In the construct TE, the 270-bp viral enhancer was replaced by the 200-bp tyrosinase enhancer while retaining the Mo-MLV viral promoter sequences. This straight exchange of enhancers produced significantly enhanced levels of GM-CSF production relative to the same cells transduced with the control vector with the enhancer deleted (dLTR) (between 3.5- and 6-fold increases) (Fig.3) in four of the five transduced melanoma cell lines. The exception, LT5, is a human amelanotic cell line which we have previously shown has very low levels of gene expression from the mouse tyrosinase promoter (27), possibly due to defects in the melanin biosynthetic pathway. Otherwise, the lowest level of GM-CSF production was in the murine melanoma line B16, consistent with our hypothesis that human elements are best for expression in human cells. In contrast, GM-CSF production in nonmelanoma cells was not significantly different (0- to 0.5-fold increase) relative to the same cells transduced with the vector with the LTR deleted (Fig. 3). These data show that tissue specificity can be engineered into the LTR of a retroviral vector, while maintaining viral titer, by replacing the viral enhancer with the tyrosinase enhancer.

Fig. 3.
Fig. 3.

GM-CSF production from melanoma and nonmelanoma cell lines following infection with the TE hybrid LTR retroviral vector. Lines of melanoma and nonmelanoma cells were transduced with the TE and dLTR vectors. After selection in puromycin, the amount of GM-CSF released from 106 cells in 48 h was measured by ELISA. MeWo, Mel17, and T8 are human melanoma cell lines. LT5 is an amelanotic human melanoma cell line. B16 is a murine melanoma cell line GM-CSF levels from transduced cells are expressed as fold induction relative to cells transduced with thedLTR vector (with the viral enhancer deleted). The data shown are representative of three separate experiments.
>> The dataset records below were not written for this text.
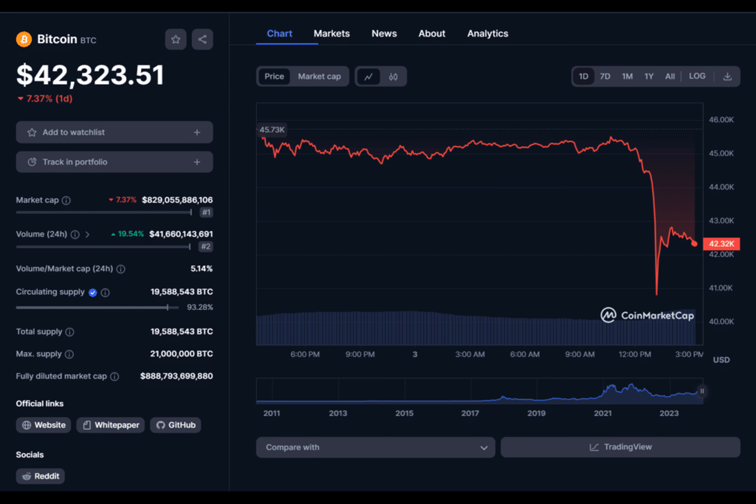However, some opinion leaders surmise that the SEC could delay spot Bitcoin ETFs beyond January. Indeed, Matrixport said the SEC may reject all bids for a fund that invests in Bitcoin at spot prices, as Crypto.News reported.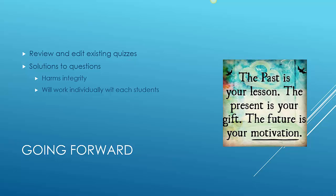So let's go forward. The past is your lesson, the present is your gift, and the future is your motivation. Let's have a good week. Thank you.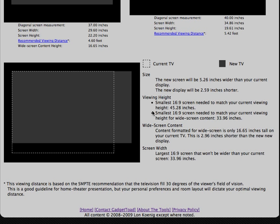However, if we note, the small 16 by 9 screen needed to match my current viewing height for widescreen content would only be 33.96 inches.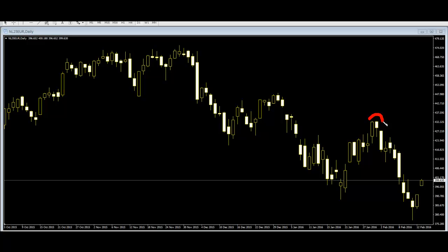Last bar lower than previous candlestick low and close — then previous candlestick high or last bar high becomes resistance. And last bar higher than previous candlestick high and close — then previous low becomes swing low.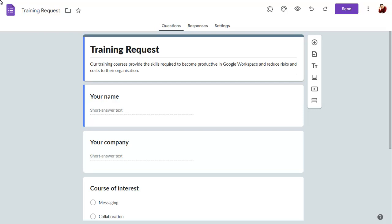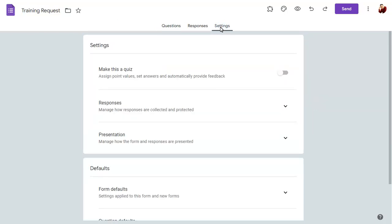To decide how email addresses are collected in a form, click on the Settings tab, then on Responses.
Error bars, standard deviations.

Despite the introduction of tissue specificity into the viral LTR, the levels of gene expression generated with the TE vector in all cell lines were comparatively low (10-fold reduction) relative to those with the wild-type vector (WT) (data not shown), reflecting the weakness of the tyrosinase enhancer relative to viral enhancers. To investigate the effects of combining enhancer elements,WT+TE (forward) and WT+TE(reverse) were constructed such that the tyrosinase enhancer was inserted in either orientation next to the viral enhancer, without any deletion of viral sequences from the LTR (Fig. 2). Melanoma cells transduced with WT+TE (forward) produced GM-CSF at levels between 60 and 100% of those with the wild-type vector (WT) (Fig. 4). In contrast, in nonmelanoma cells, the secreted GM-CSF levels were typically only 45% of those with the wild-type vector. Similar results were obtained when the tyrosinase enhancer was placed in the reverse orientation [WT+TE (reverse)] (data not shown). These results suggest that the tyrosinase enhancer has a weak suppressive effect over the strong viral enhancer in transduced nonmelanoma cells, consistent with the results of Ferrari and coworkers (9), who found that the muscle creatinine kinase enhancer can partially repress the viral enhancer in nonmyogenic cells. However, in the case of the tyrosinase enhancer here, it seems that the viral enhancer is clearly the more powerful of the two elements and its influence predominates in the enhancer combination vectors.

Fig. 4.
Fig. 4.

GM-CSF production from melanoma and nonmelanoma cell lines following infection with the WT+TE(forward) hybrid LTR retroviral vector in which the tyrosinase enhancer is added to an intact retroviral LTR. Panels of melanoma and nonmelanoma cells were transduced with theWT+TE (forward) vector. After selection in puromycin, the amount of GM-CSF released from 106 cells in 48 h was measured by ELISA. The levels of GM-CSF from transduced cells are expressed as percentages relative to the same cell lines transduced with the wild-type retroviral vector (WT). The data shown are representative of three separate experiments. Error bars, standard deviations.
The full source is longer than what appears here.